All well and dandy, but even as Trump says that the rising price of gas is no big deal, he may be in denial when Americans are seeing price increases daily and whenever they go to fill ‘er up. They are going to notice. They are talking to each other. There’s no mystery or conspiracy talk about why the prices are going up. Everyone will be clear this is due to Trump’s War.
Worse, the Iranians still seem unready to cooperate with Trump’s loud talk, big stick bullying, even while Israel and the US are bombing the stuffings out of them. Trump’s call for “unconditional surrender” seems to have fallen on deaf ears so far. Trump demanding a say in choosing the new leader in Iran was ignored, as the hardline son of the recently killed ayatollah was named, partially because of his close ties to the Iranian Revolutionary Guard.
These are not signs that this will all be over soon.
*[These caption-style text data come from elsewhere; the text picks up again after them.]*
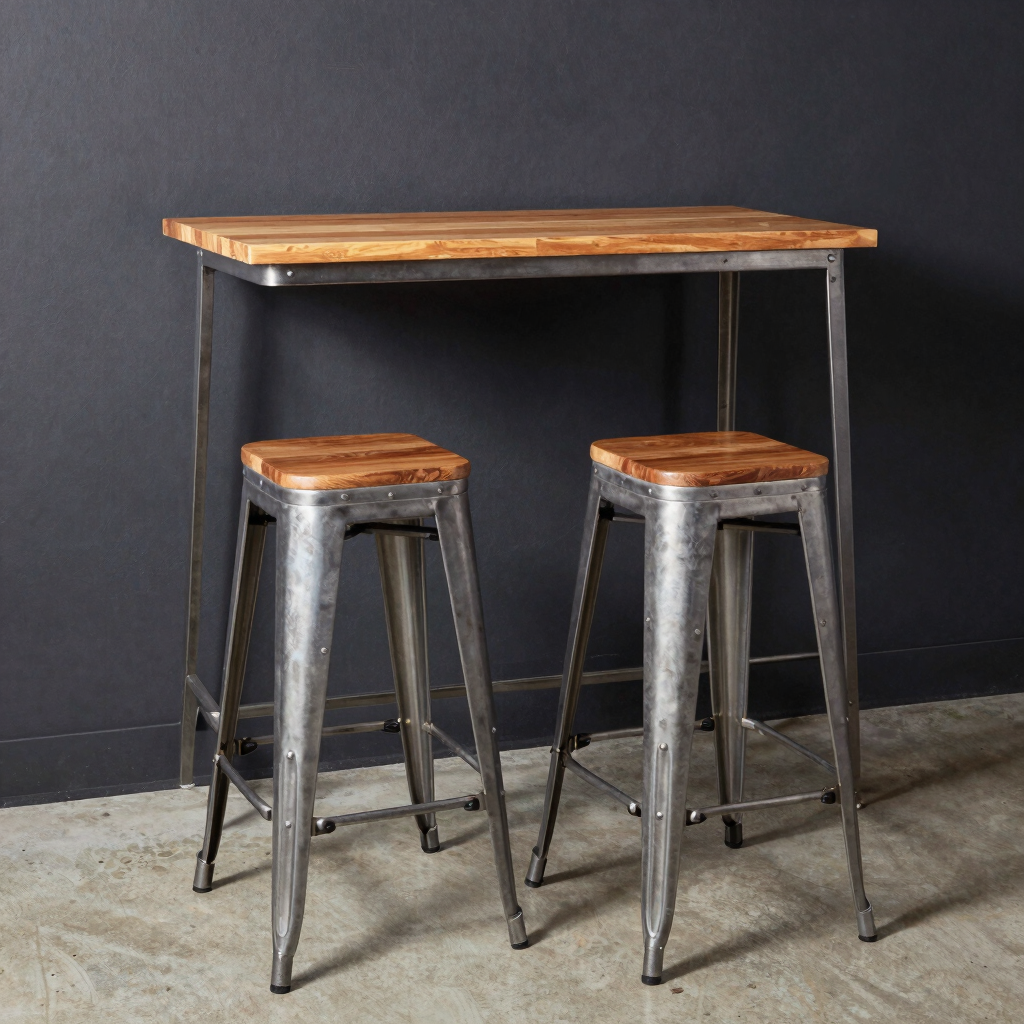 Riveted Steel High Bar Set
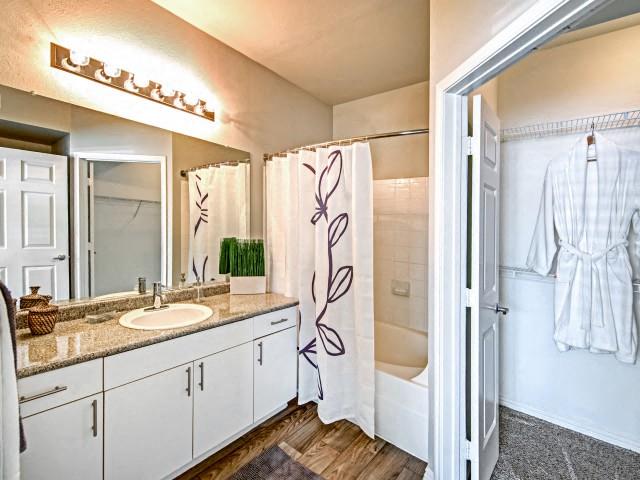 Bathroom With Walk In Closet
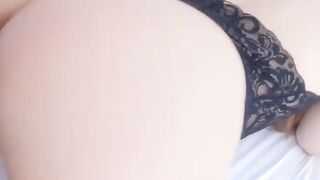 Lovely girl with a great round ass and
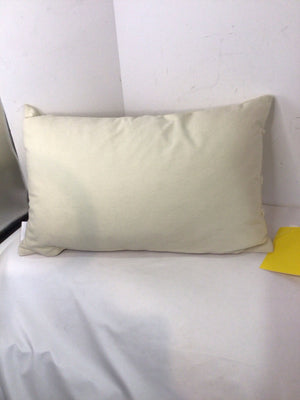 Calvin Klein Cream Cotton Pillow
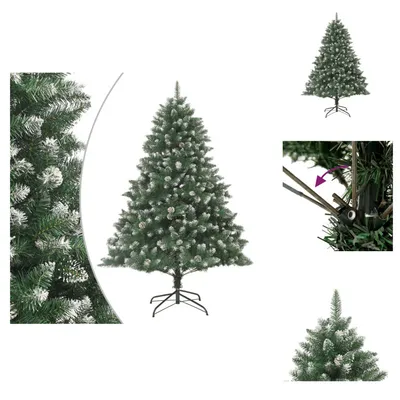 Obrázok produktu pre vidaXL Umelý vianočný stromček so stojanom 210 cm PVC - Vianočné stromčeky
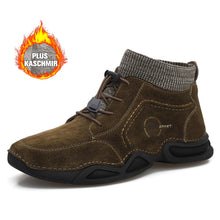 Lade das Bild in den Galerie-Viewer, Tacocood 2021 neue lässige Herren warme Lederstiefel
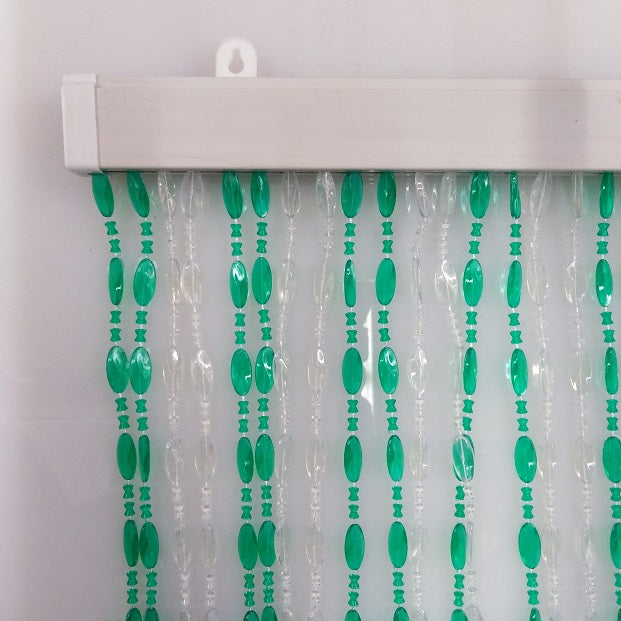 TENDA CON PERLE SOLEIL 150XH250CM GHIACCIO/VERDE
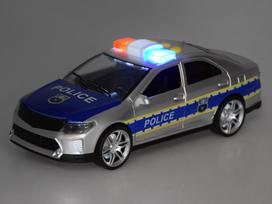 policijos - Taupyklė vaikui - policijos automobilis su PIN kodu, su šviesos efektais - 3 nuotrauka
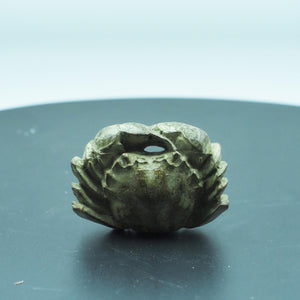 迷你創意復古青銅螃蟹雕像，手工小銅飾品，迷人動物裝飾
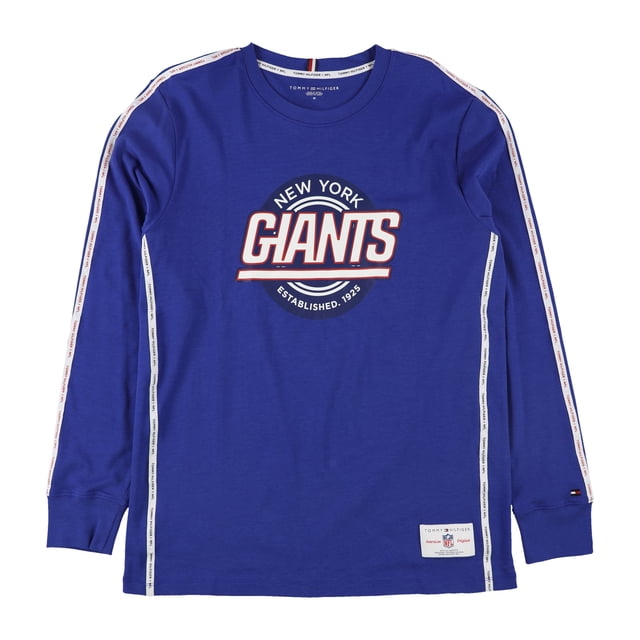 Tommy Hilfiger - Camiseta gráfica para hombre de los New York Giants, azul, talla mediana
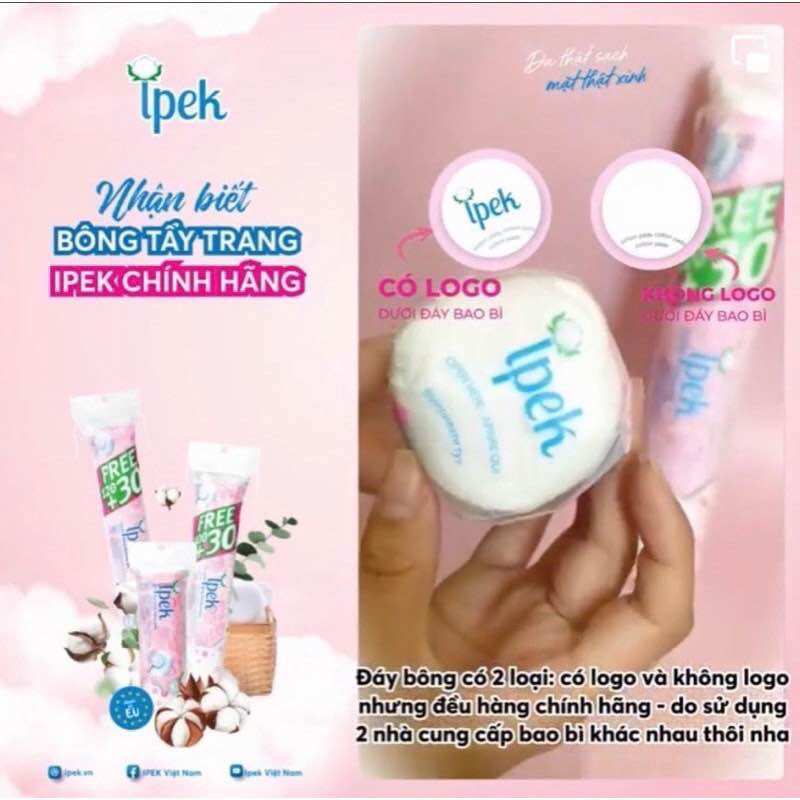 Bông Tẩy Trang Ipek 150(120 + 30) Miếng Cotton Pads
Other naysayers are throwing shade on the notion that Iran can be brought to heel solely by airpower without boots on the ground, and here’s hoping that at least is still a bridge too far for Trump to cross.
Bottom line: this is a bloody mess; Americans know it and are being reminded at the gas pump and can’t avoid the daily news, even as the spin doctors work the refs, Trump is going to find out quickly the truth of the old adage that you can fool some of the people some of the time, but not all of the people any of the time.